The most important award in Science Fiction has been reduced to the level of a Facebook popularity contest. Let’s stop wringing our hands and recognize the truth: It’s dead.
The Hugo awards are (well, were) the Oscars of Science Fiction. Except where the Oscars are sure to give lots of love to the commercial successes of the year, the Hugos seem rather disconnected from the commercial world. You can argue that’s good, recognizing talent that the marketplace has not (yet) discovered, and you can argue that it’s bad, showing that the judges are out of touch with reality.
This year, the Hugo awards will miss on both counts. The winner will suck by any measure. It’s a sad, sad story.
The sad story starts with the Sad Puppies, a group who asks, “whatever happened to good ol’ science fiction where dudes shot things with blasters?” They began an effort to promote GOSF to Hugo voters. (Anyone can be a Hugo voter. It costs $40. A friend of mine once gave me a priceless gift — he paid the bucks to nominate me. Alas, it took more than one nomination vote that year to win a place on the ballot.) At the edge of the Sad Puppies sat another, smaller group (well, a couple of guys), who said, more or less, “the liberal gay agenda is ruining our genre, and that’s why fine upstanding woman-haters like us don’t get the awards.” (I’m paraphrasing.) They took the Sad Puppies list, extremified it (by adding themselves over and over) and launched a grass-roots campaign to get their readers to vote for them.
It only took a couple hundred faithful to totally trash the ballot. The Hugo system was devised in a world before Internet trolls. Had I realized how easy it was, I would have bagged myself a Hugo long ago. I figure a cost of $100 per vote; $20K and I’m in!
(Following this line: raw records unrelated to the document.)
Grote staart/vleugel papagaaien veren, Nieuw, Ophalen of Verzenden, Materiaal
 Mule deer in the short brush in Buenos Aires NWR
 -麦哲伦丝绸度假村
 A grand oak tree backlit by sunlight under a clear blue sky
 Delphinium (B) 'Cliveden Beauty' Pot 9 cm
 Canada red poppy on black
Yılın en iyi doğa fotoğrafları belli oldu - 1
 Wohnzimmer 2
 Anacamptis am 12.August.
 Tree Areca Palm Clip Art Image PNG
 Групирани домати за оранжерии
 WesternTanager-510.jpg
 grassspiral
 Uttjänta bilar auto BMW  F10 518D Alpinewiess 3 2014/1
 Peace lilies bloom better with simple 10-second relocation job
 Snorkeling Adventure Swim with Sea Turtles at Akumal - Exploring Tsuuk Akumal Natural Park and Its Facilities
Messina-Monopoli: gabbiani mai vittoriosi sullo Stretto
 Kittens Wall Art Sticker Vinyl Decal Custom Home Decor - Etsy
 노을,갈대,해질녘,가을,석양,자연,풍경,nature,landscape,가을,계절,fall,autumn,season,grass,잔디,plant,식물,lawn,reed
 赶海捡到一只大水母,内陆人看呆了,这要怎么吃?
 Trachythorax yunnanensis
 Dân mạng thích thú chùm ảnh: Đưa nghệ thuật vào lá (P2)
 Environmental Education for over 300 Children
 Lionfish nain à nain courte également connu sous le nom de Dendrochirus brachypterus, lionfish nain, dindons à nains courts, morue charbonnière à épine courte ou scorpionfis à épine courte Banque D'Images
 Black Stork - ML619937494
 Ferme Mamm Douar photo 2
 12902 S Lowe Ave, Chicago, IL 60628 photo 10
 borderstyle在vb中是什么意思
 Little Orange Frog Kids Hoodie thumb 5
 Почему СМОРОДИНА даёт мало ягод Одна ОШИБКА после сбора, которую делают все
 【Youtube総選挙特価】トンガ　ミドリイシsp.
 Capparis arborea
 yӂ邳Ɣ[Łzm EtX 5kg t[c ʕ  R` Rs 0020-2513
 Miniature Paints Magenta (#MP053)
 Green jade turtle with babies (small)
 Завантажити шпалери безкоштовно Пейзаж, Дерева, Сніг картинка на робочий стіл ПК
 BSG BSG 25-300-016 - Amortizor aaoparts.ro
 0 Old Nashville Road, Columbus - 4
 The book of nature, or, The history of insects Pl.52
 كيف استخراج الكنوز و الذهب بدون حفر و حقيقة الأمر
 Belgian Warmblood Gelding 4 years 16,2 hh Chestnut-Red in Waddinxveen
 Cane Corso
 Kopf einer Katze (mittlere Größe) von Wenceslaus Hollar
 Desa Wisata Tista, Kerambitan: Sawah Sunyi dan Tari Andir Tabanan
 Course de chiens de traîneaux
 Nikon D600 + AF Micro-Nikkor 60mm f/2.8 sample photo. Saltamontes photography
But allow me to take a moment to consider the Sad Puppies’ initial complaint, and the objective fact that the awards are diverging from what the mainstream wants.
I think SF is still secretly annoyed that people think of it as pulp fiction. Not capital-A Art. For all the “fie on you, world, we all know that literary fiction is just another genre,” there’s still a little defensiveness. The insiders, the ones who usually vote for these awards, are well-read, lit-leaning, and (secretly) self-conscious. They want to sit at the table with the lit-fic guys, and get the nod of respect in the hallowed hallways. So they vote for more literary-leaning stories.
Or maybe that’s just me.
Eric Flint, a commercial success but not an awards darling, has some interesting thoughts that diverge from what I just wrote. We agree on this, however: the divide between commercial success and awards recognition is not about politics. In the comments for that post someone suggested that maybe SF should emulate the recording industry and give out awards based purely on sales. I kinda like that. (“Munchies goes platinum!” I hear in my head. That novel will not be winning any literary awards.)
So, what now? With the Hugo being torpedoed, and other major awards losing relevance, will the marketplace be the only measure of success? What will become of beautiful prose that is challenging to read, without the ivory-tower league to raise it on a pedestal? There is capital-A Art in Science Fiction, dammit, and it should be recognized.
My humble suggestion: The Sad Puppies handing out beanie baby trophies for the best stories with white guys saving scantily-clad helpless space princesses, the ivory tower crowd awarding elegant chess sets (with rooks made of ivory) to the most beautiful prose of the year, the geek crowd awarding the golden propeller beanie to the best representation of cybernetics, and so forth. Let the fragmentation happen. It’s healthy. It’s good. It’s time to surrender the One Award that Rules Them All to the trolls.